The city had experienced a massive spike in feelings of optimism. People believed that life was good and getting better, a feeling they had not shared in decades, not even during Mockus’s super-citizen years. After Peñalosa’s term (sequential terms are illegal in the city), Mockus ran for mayor again. He gained Peñalosa’s endorsement—and won the race—in part by promising to continue the ambitious infrastructure plans, which he carried out in his second term. The next mayor, Luis Garzón, continued some of those plans. In their terms, the software and hardware agendas merged, and the city experienced its best times in anyone’s memory.

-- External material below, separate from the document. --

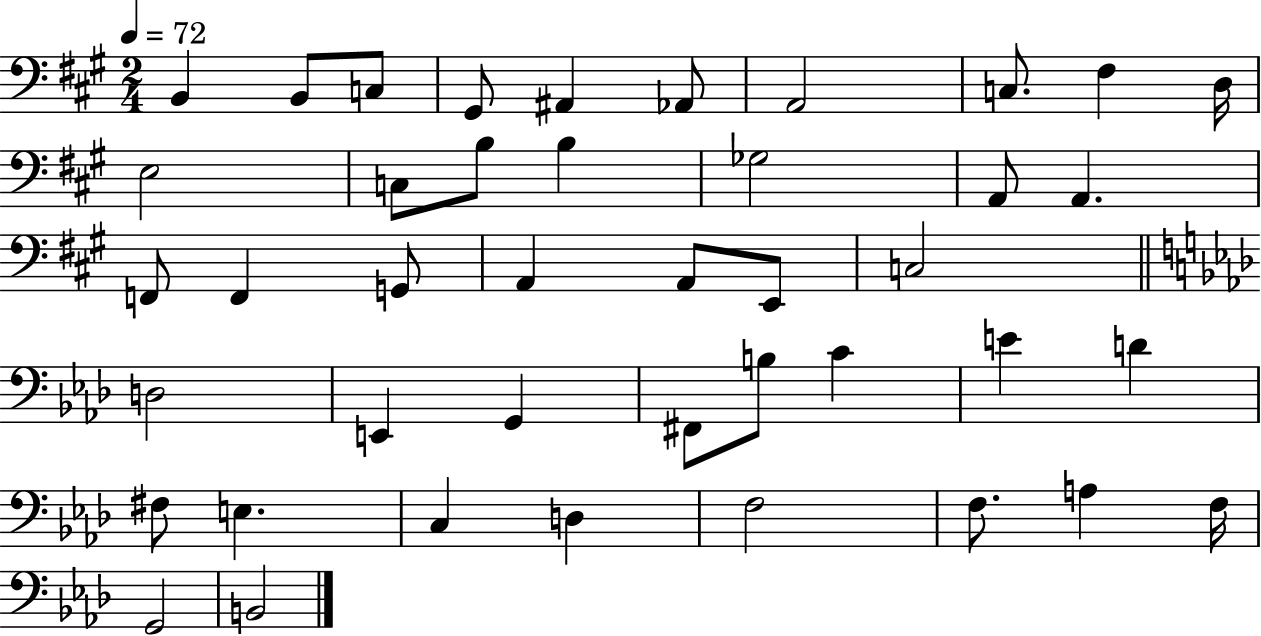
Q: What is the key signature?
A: A major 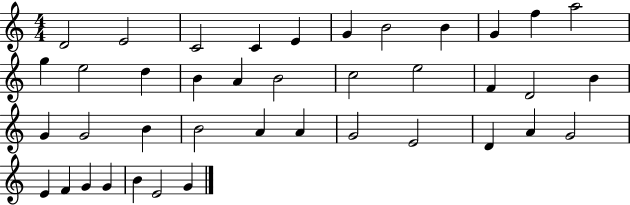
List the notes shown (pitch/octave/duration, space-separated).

D4/h E4/h C4/h C4/q E4/q G4/q B4/h B4/q G4/q F5/q A5/h G5/q E5/h D5/q B4/q A4/q B4/h C5/h E5/h F4/q D4/h B4/q G4/q G4/h B4/q B4/h A4/q A4/q G4/h E4/h D4/q A4/q G4/h E4/q F4/q G4/q G4/q B4/q E4/h G4/q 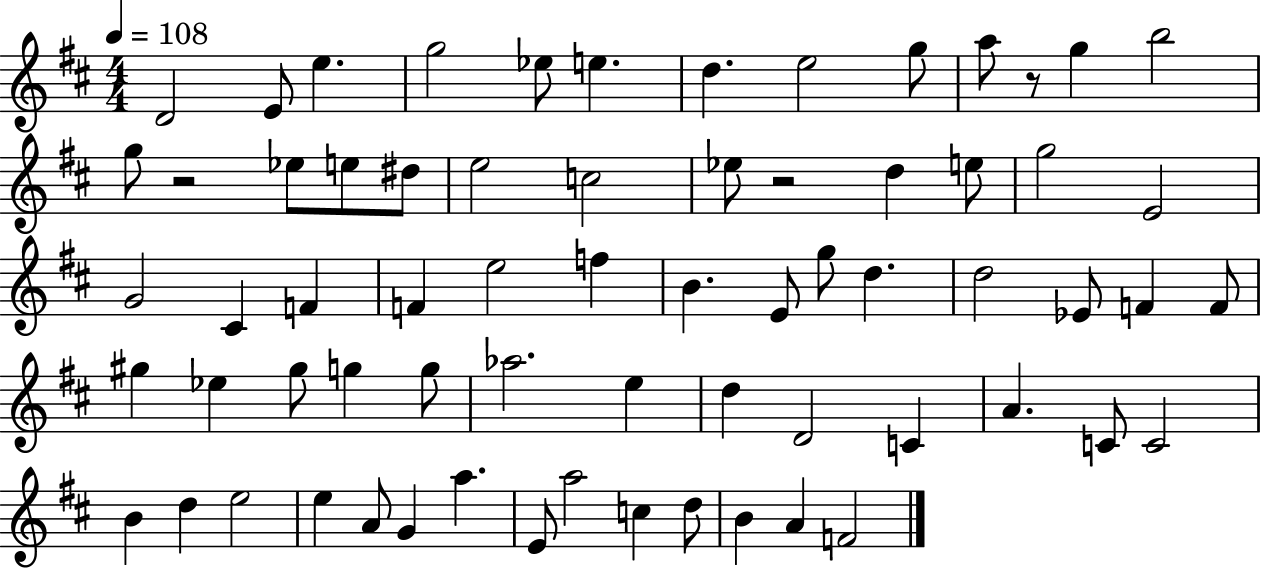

Ricardo Montezuma, an urbanist at the National University of Colombia, told me that Mockus and Peñalosa proved to Bogotans that they could have any city they wished for. Over their terms, Bogotanos’ perception of the city utterly changed. “Twelve years ago, eighty percent of us were completely pessimistic about our future. Now it’s the opposite. Most of us are optimistic,” Montezuma told me in 2007. “Why is this important? Because in a big way a city is really just the sum of what people think about it. The city is a subjective thing.”

Montezuma’s point is not that form doesn’t matter. It is that the city is an idea to which each citizen contributes and from which each citizen should benefit.

Whether you call it a happiness program, a fairness agenda, or a straight-up war on cars, Peñalosa’s program was more than ideology written onto the city. It brought the benefits of the city to a much greater number of people. It maximized utility in a way that would have pleased Jeremy Bentham himself. It was deeply rational, in a way that American cities have not been for decades.